One thing I feel a bit sidelined on in my role is the NSW Parliament project, but that's because of their higher stakes relationship with Edmund. I know that my contributions there need to be quick and are a priority for Edmund because they are a large and important client. My role is a supportive one and it's there that my lack of technical skill with the servers comes to the fore. This isn't a terrible thing, as being a sysadmin isn't necessarily my career goal, but I do notice it. I feel like the learning curve on that would be terribly high to get beyond the assistance I'm currently able to give in those areas.

Recommendations to Students

A student coming to work for Prosentient should be ready and able to poke around in systems. Documenting issues that are happening to clients and figuring out why they're happening is a big part of the job, so you need to be able to think like a computer. Having cataloguing skills is really useful, as you'll often be more knowledgeable than the people you're training. You have to temper that book-knowledge with how they do things in their libraries, so being flexible and willing to adapt to the client is important.

Life in Sydney

As far as working in Sydney, there are a few things to be aware of. We took a long time to get my visa. In fact, I entered the country on an electronic tourist visa because my work visa hadn't come through by the time I was scheduled to start. Edmund is very flexible (this is where Prosentient being a small company really helped) so we worked out a way for me to be able to live even if I couldn't legally be working. So start on the visa early.

The visa application process requires a bunch of certified copies of your original documents (like your passport and student ID). I'd thought this meant notarized or certified by a pharmacist or some other arduous procedure, but in Australia it can be a university instructor. I got SLAIS profs to sign the photocopies I sent to Australia along with the phrase "I certify these are true copies of the original documents." They also attached UBC business cards. That all worked out fine.
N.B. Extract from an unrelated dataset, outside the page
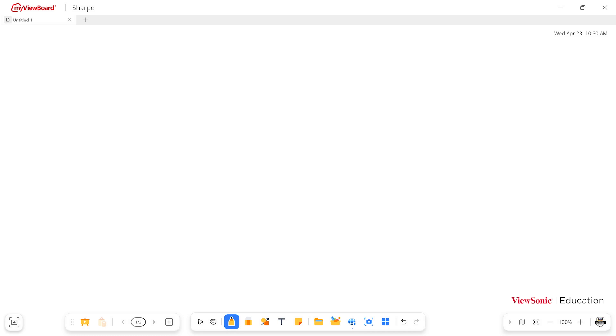One of the best features of MyViewBoard is the ability to open your other file types directly in the whiteboard. This lets you use all the great MyViewBoard tools in the software without having to leave it.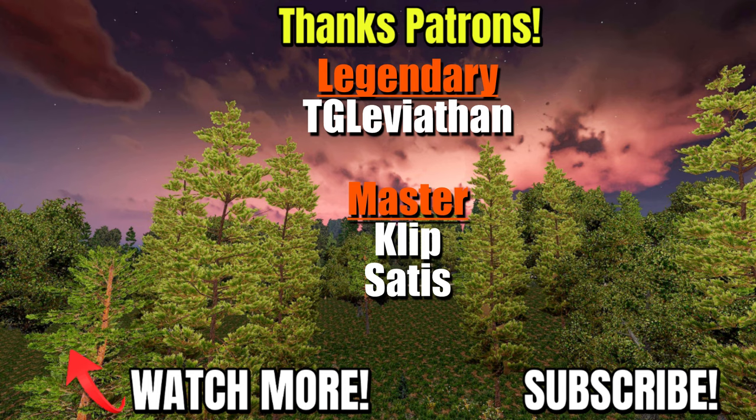Special thanks to the great patrons supporting the channel. If you would like to join the Vedat community and support these videos, do follow the Patreon link.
Once I was in Sydney I also needed to get a chest X-ray as part of the visa application. It's possible you might be able to get that done in Vancouver if you're working on your visa application earlier than we were.

In Sydney, rent is very expensive. Advertisements (I used for my rental searching) show the price per week not per month. You also need to have four weeks' bond for the landlord before you move in (this is the deposit). That adds up quickly. Edmund helped me with that for me since I wasn't getting paid as soon as I arrived. I found a place in Ultimo (the area right near Prosentient) where my girlfriend and I pay $340/week for a room with a private bathroom in a shared student accommodation place. There are 8 international students living here sharing a kitchen.

If I were looking for a place here now, I would look for something more in the Redfern suburb, which would be a twenty minute bike ride away. It's a bit more affordable (if a bit more sketchy an area - think East Vancouver).

As far as the work goes, I think things have gone very well and I don't know what I would change. Having a bit more background in Perl beforehand would have been useful. I've learned a lot about SQL databases while working here, but actual programming has a steeper learning curve.

I've learned how friendly librarians are and the fact that I'm Canadian makes people even more accommodating. All the librarians have been very good to work with, and Edmund and Rob have been very friendly and welcoming to their co-op student from the far side of the world.


I've enjoyed my time at Prosentient and feel I'm learning a lot about the kind of work that's possible in relation to libraries beyond the traditional Public/Academic type situation. Edmund has been an exceedingly supportive and encouraging supervisor who's given me lots of room to grow. This has been an excellent experience, all in all.